Il y a périodiquement des personnes qui viennent dire que la séparation entre la science pure et la "science appliquée" est périmée, que ce sont des idées d'un autre temps... mais rien qu'une telle déclaration montre à la fois une volonté idéologique et une mauvaise perception de la science, sans compter un usage médiocre de la langue, ce qui a des conséquences sur la pensée.
J'invite donc ces personnes à lire ou à relire la biographie de Max Planck intitulée "Planck, une conscience déchirée", par John Heilbron (Editions Belin) : elle y verront des discussions entre Planck et Starck, alors que l'industrie allemande, très lié à certains milieux technologiques, poussait pour que l'Académie des sciences accueille en son sein une division de "sciences appliquées". Ce sont là les mots de Heilbron, mais je ne suis pas sûr que Planck aurait adhéré à cette description, et notamment parce que il n'existe pas plus de "science pure" que de "sciences appliquées" : la science, c'est la science, à savoir une activité de recherche des mécanismes des phénomènes, et les applications de la science sont... des applications de la science. L'expression "science appliquée" est fautive, parce que si une science était appliquée, ce serait de la technologie, et non plus de la science.

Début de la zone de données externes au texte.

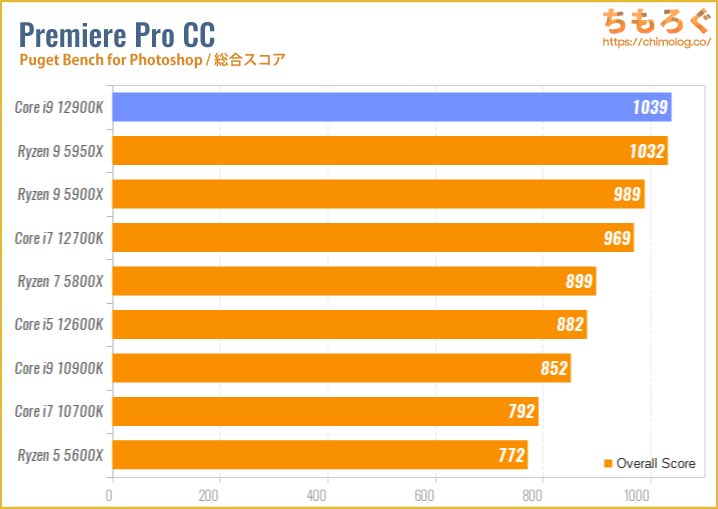 Core i9 12900Kベンチマークレビュー：青色と赤色の16コアどちらを選ぶ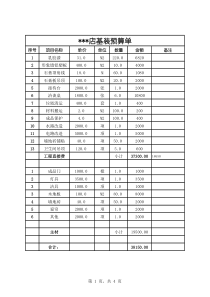 店面基础装修预算单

Cette question de regrouper des activités technologiques avec des activités scientifiques est récurrente. Elle s'est donc posée dans les années 1920 en Allemagne, mais elle s'est également posée en France, vers la Seconde Guerre mondiale, puis à nouveau il y a quelques petites décennies à l'Académie des sciences en France : Guy Ourisson, qui était alors président de l'Académie, fut un artisan de la création de l'Académie des technologies à partir de ce qui se nommait naguère le CADAS, le comité des applications de l'Académie des sciences.
J'insiste un peu parce que j'ai encore rencontré des amis qui auraient voulu que j'admette que la science moderne avait bien changé qu'elle était nécessairement liée à l'industrie ou à l'armée ; que les idéaux de Planck ou d'autres, à propos de la science, étaient devenus périmés, etc.
En réalité, je m'étonne que de telles personnes se croient, dans la discussion, à la hauteur de Planck ou même d'Albert Einstein, dont le texte de discours pour l'anniversaire des 70 ans de Planck montrait combien il adhérait à ces idées que d'aucuns prétendent périmés.
Oui, il y a la science, qui est merveilleuse, et les applications des sciences qui sont merveilleuses quand elles sont faites pour le bien de l'humanité.
Et rien n'y fera : une
recherche d'application est une recherche d'application et une recherche
de mécanismes est une recherche de mécanismes. Certes, certains individus balancer
entre les deux ; ils peuvent à un moment chercher des applications, et chercher des mécanismes à un autres, mais
pour autant, ces deux activités ne se confondent pas. Il y a la science, d'une part, et les applications des sciences d'autre part.